Giglioli, 71 anni, non parla solo per sé, ma anche per un gruppo di volontari che negli anni ha retto sulle proprie spalle una macchina organizzativa complessa, capace di attirare migliaia di persone e di generare importanti fondi benefici. «Ho cercato di inserire giovani, li ho motivati, li ho spronati a prendere in mano la festa – racconta –. Ma finora non ho ricevuto una risposta definitiva.

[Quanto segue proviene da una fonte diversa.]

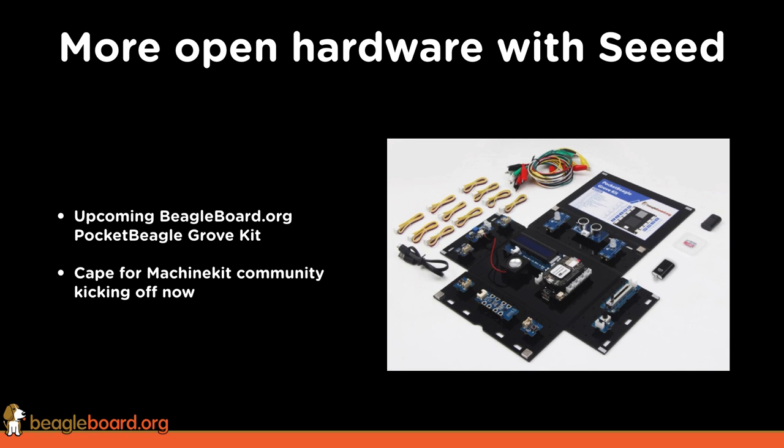Other cool things we're doing with partners in open hardware — one of our favorite partners is Seeed Studio. We've been working with them on an upcoming BeagleBoard.org Pocket Beagle Grove kit. This is a great way to learn to use sensors and actuators, and it's probably the easiest way to get started with Beagle that we're putting together. I'm really excited about the possibilities — it essentially gives you everything you need, including making musical instruments, and it works with Python.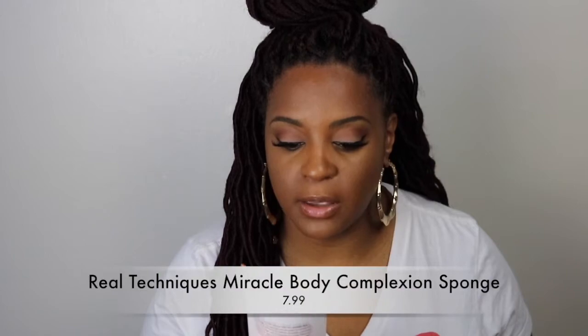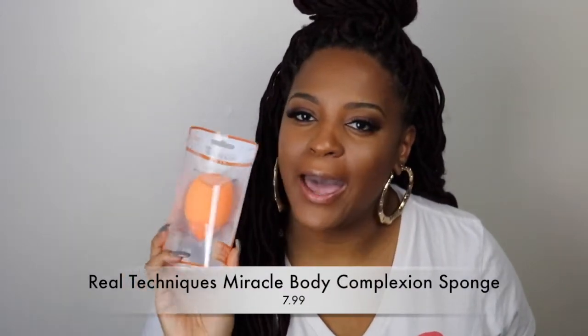First up is the Real Techniques Miracle Face and Body Sponge. I've been trying to find this sponge every time I see a YouTube video with people doing their makeup. They came out with a bigger sponge and I was like, let me go get this because I want to do my foundation a little bit quicker than I have been lately, and I figured this wouldn't be a bad situation.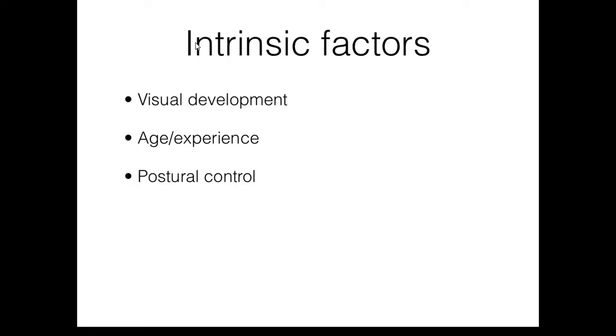Postural control is also an important intrinsic factor that influences the development of reaching. Poor postural control can sometimes mask distal abilities, such as reaching. Research shows that babies must be able to demonstrate organized muscle activation patterns in a cephalocaudal direction in preparation for reaching. If babies are unable to activate these postural muscles and cannot provide a stable base of support, reaching will not occur despite the child's arm and hand function. This is why as postural control improves between the ages of three to six months, we also see reaching emerge and improve as well.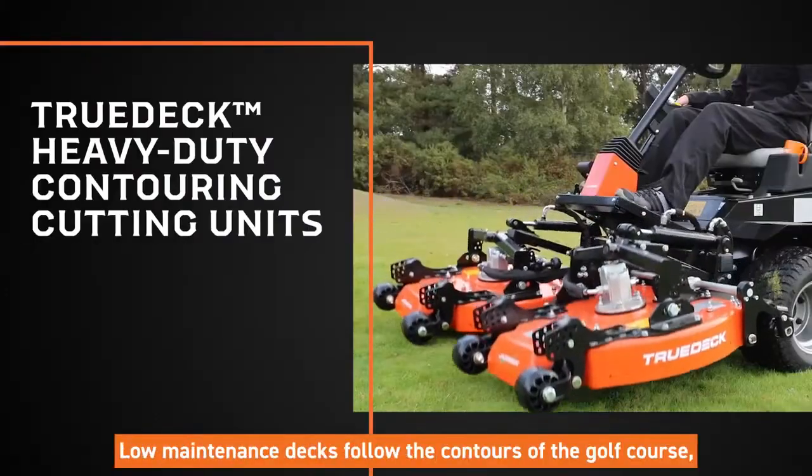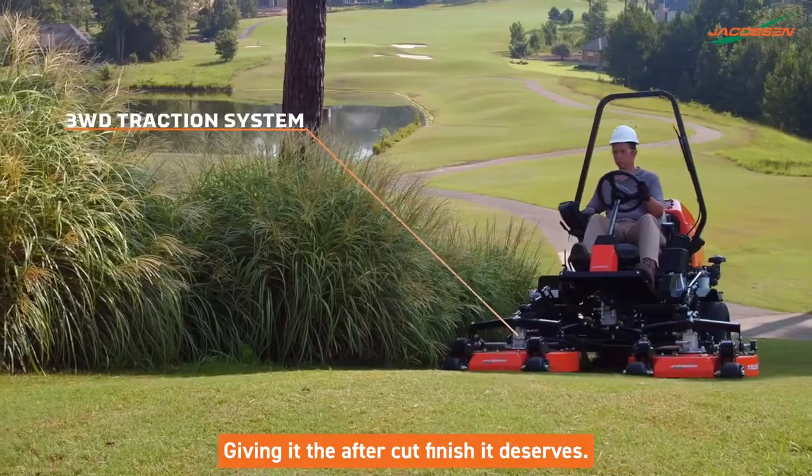Low-maintenance decks follow the contours of the golf course, giving it the after-cut finish it deserves.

E senza un ricambio generazionale, questa manifestazione non può andare avanti». Il direttivo della Sarabiga ha già comunicato ufficialmente che non confermerà l’impegno per l’edizione 2026. Una decisione sofferta, ma inevitabile. «Continueremo a organizzare la Tortellata e la Bigolata, che sono eventi più gestibili – precisa Giglioli –. Ma la Festa della Birra richiede una struttura, una forza lavoro e una presenza costante che noi, oggi, non possiamo più garantire».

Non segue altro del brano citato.